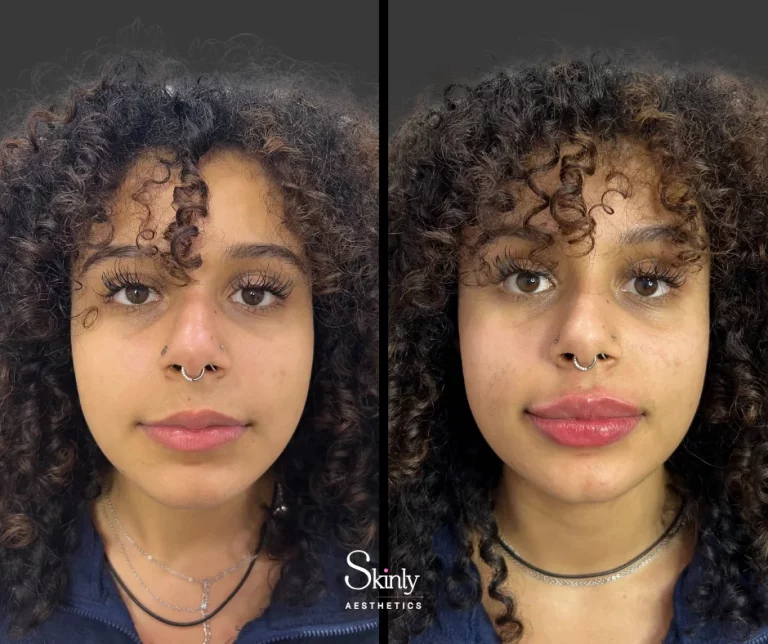 Before and after lip contouring with filler, showing balanced lip proportions.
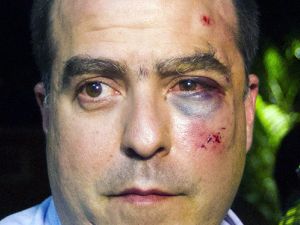 قالت المعارضة إن سبعة من نوابها تعرضوا للهجوم 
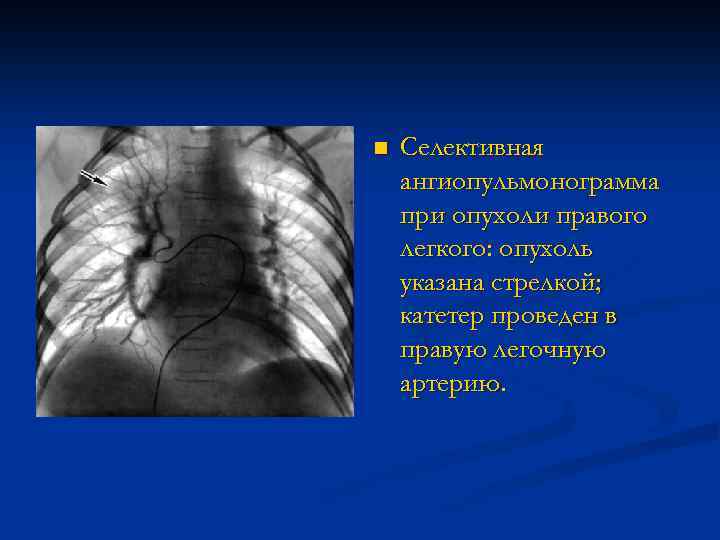 n Селективная ангиопульмонограмма при опухоли правого легкого: опухоль указана стрелкой; катетер проведен в правую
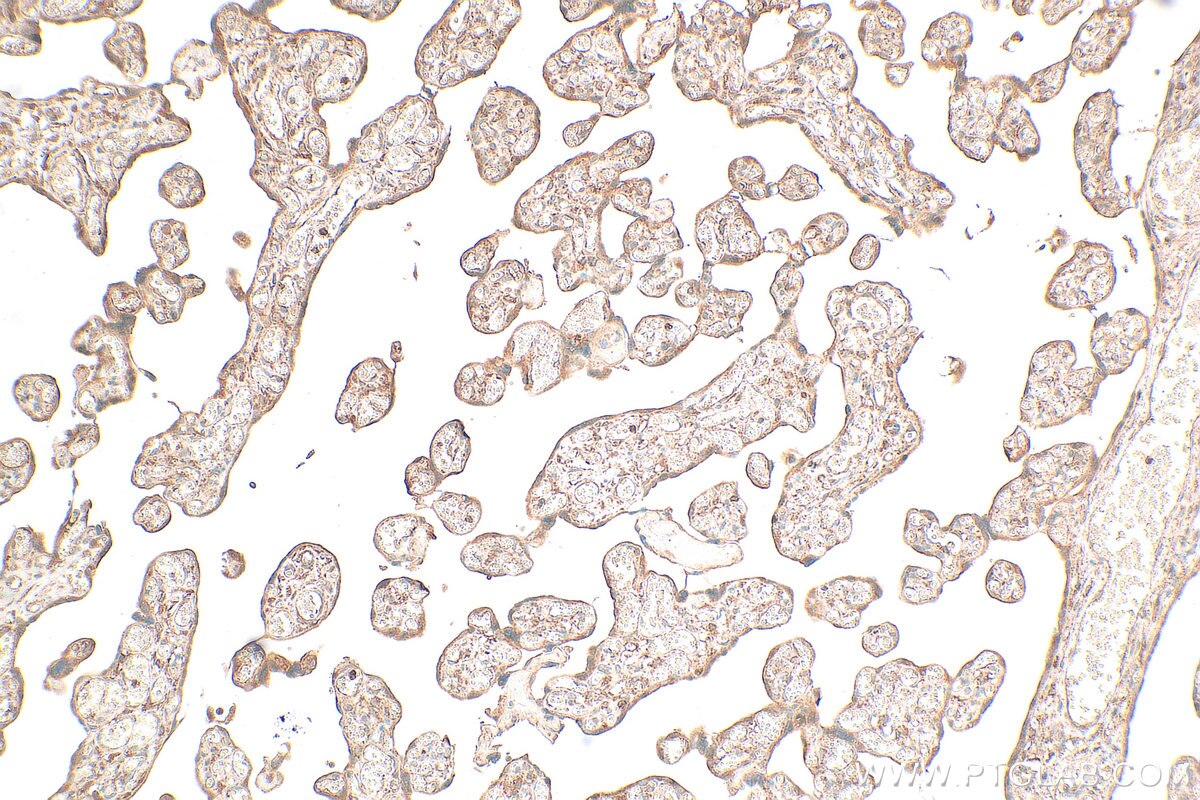 IHC staining of human placenta using 32196-1-AP (same clone as 32196-1-PBS) Immunohistochemistry (IHC) staining of human placenta tissue using CEACAM16 Polyclonal antibody (32196-1-AP)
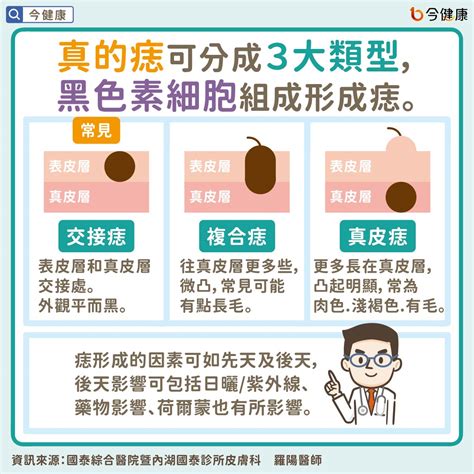 為什麼會長黑痣|痣是什麼？一次了解痣原因、就醫時機以及如何改善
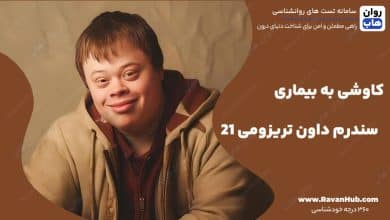 کاوشی به بیماری سندرم داون تریزومی 21
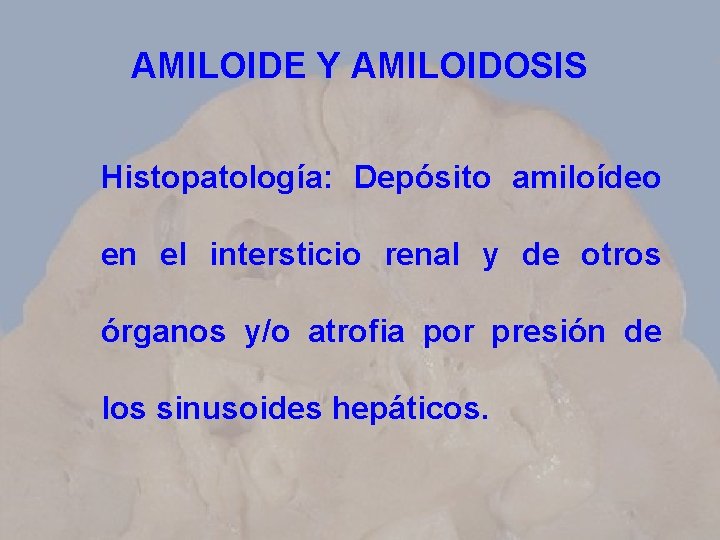 AMILOIDE Y AMILOIDOSIS Histopatología: Depósito amiloídeo en el intersticio renal y de otros órganos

====

*Work item*. All the material shown above is to be copied exactly, with no pictures carried over.

*Result of this exercise*.
 Before and after lip contouring with filler, showing balanced lip proportions.
 قالت المعارضة إن سبعة من نوابها تعرضوا للهجوم 
 n Селективная ангиопульмонограмма при опухоли правого легкого: опухоль указана стрелкой; катетер проведен в правую
 IHC staining of human placenta using 32196-1-AP (same clone as 32196-1-PBS) Immunohistochemistry (IHC) staining of human placenta tissue using CEACAM16 Polyclonal antibody (32196-1-AP)
 為什麼會長黑痣|痣是什麼？一次了解痣原因、就醫時機以及如何改善
 کاوشی به بیماری سندرم داون تریزومی 21
 AMILOIDE Y AMILOIDOSIS Histopatología: Depósito amiloídeo en el intersticio renal y de otros órganos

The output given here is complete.